Danach wurden Verletzungen seine ständigen Begleiter. Probleme mit beiden Unterarmen und später auch noch mit seinem Knie zwangen immer wieder zu längeren Rennpausen und letztendlich auch zum Ende seiner Karriere. «Die Entscheidung habe ich mir nicht leicht gemacht. Nach langem Überlegen muss ich eingestehen, dass es keinen Sinn macht, weiterzufahren. Mein Körper sagt mir, dass es an der Zeit ist aufzuhören», erzählte Rotter.
«In all den Jahren, in denen ich Rennen gefahren bin, durfte ich viele Erfolge feiern und schöne Dinge erleben. Ich hätte mich gerne im Mai bei der tschechischen Tourist Trophy in Horice von meinen Fans verabschiedet. Das ist meine Lieblingsstrecke und dort bin ich 2016 Dritter in der Supersportklasse geworden. Aber wegen der Coronavirus-Pandemie verbunden mit den Reisebeschränkungen wurde die Veranstaltung leider abgesagt.»

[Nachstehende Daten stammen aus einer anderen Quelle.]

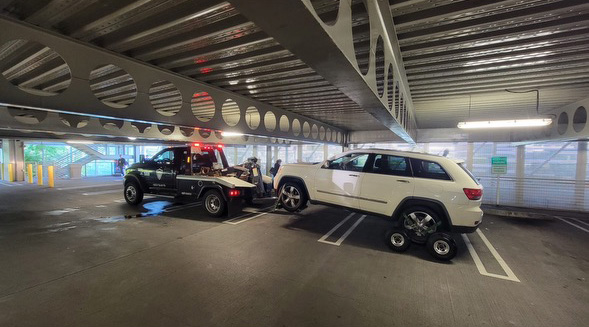 Parking garage tow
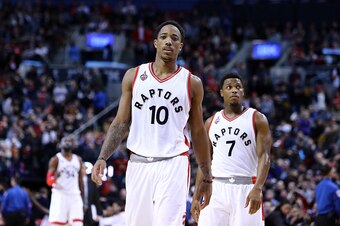 TORONTO, ON - MARCH 06:  DeMar DeRozan #10 and Kyle Lowry #7 of the Toronto Raptors look on during the second half of an NBA game against the Houston Rockets at the Air Canada Centre on March 06, 2016 in Toronto, Ontario, Canada.  NOTE TO USER: User expre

«Die 32 war meine bevorzugte Startnummer. Vielleicht ist es ein Wink des Schicksals, dass mich die Verletzungen nach 32 Jahren Rennsport zum Karriereende zwingen. Aber ich werde nicht gänzlich aus den Fahrerlagern verschwinden. Ich kümmere mich um Felix Vieh, der in meinen Augen ein Talent hat. Vielleicht kann er sich in den kommenden Jahren mit meiner Unterstützung von einem Rohdiamanten zu einem Brillanten entwickeln.»